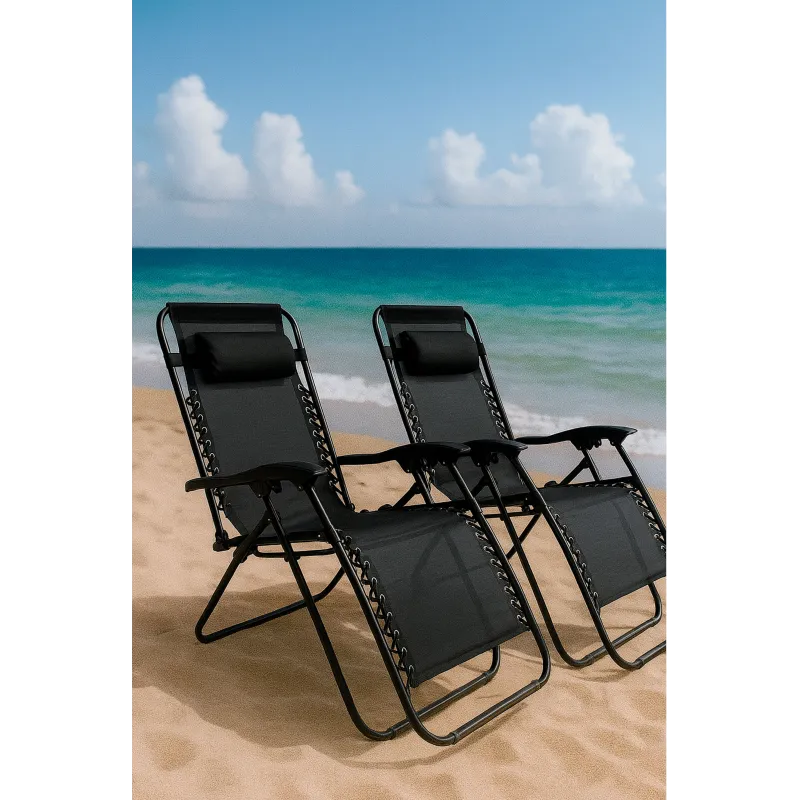 Silla Tumbona con Cojín Alt. 113 cm x L. 60 cm x An. 160 cm | Metal y Textilene
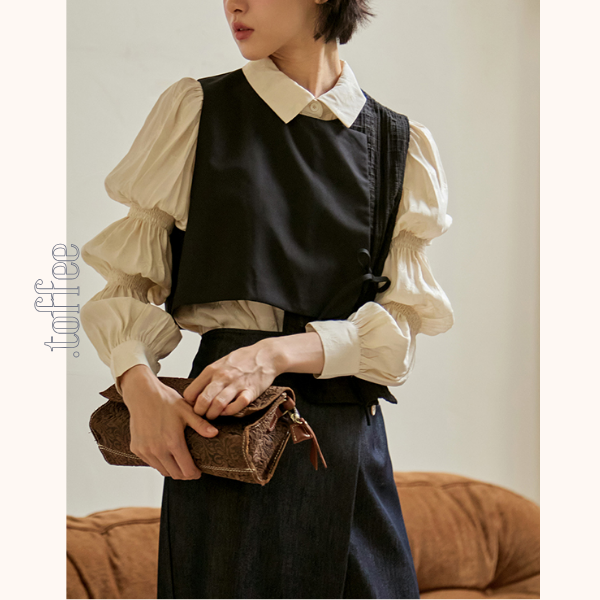 パフスリーブジャガードブラウス　《Z00808》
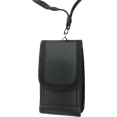 thumbnail image 2 of Around the Neck or Shoulder Cross body Black Leather Case with Safety Lanyard Compatible with TCL Flip 4 flip phone, 2 of 5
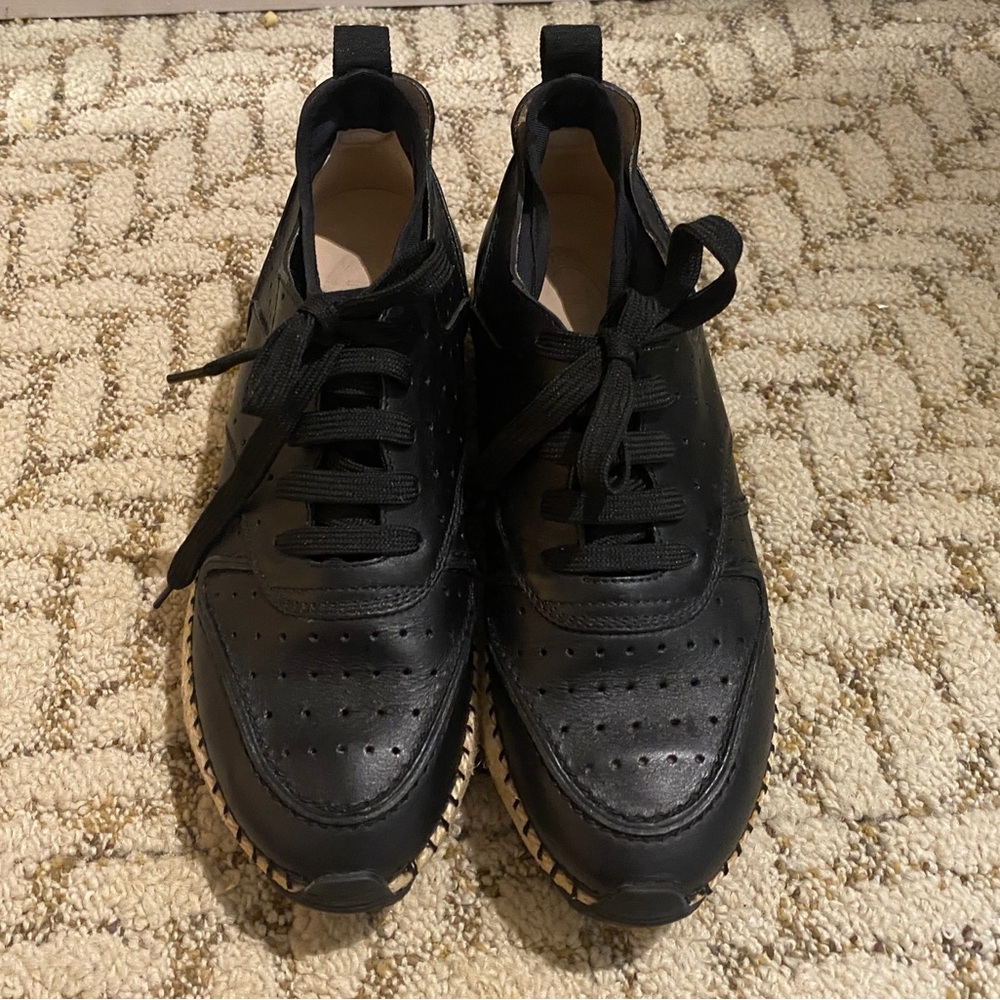 Tod’s Black Leather Sneakers with Woven Sole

[TASK GOAL] All that the answer may contain is the exact text of the lines from the one with "thumbnail image 2" through the last line of the material, pictures excluded.

[RESPONSE TO THIS EXERCISE]
 thumbnail image 2 of Around the Neck or Shoulder Cross body Black Leather Case with Safety Lanyard Compatible with TCL Flip 4 flip phone, 2 of 5
 Tod’s Black Leather Sneakers with Woven Sole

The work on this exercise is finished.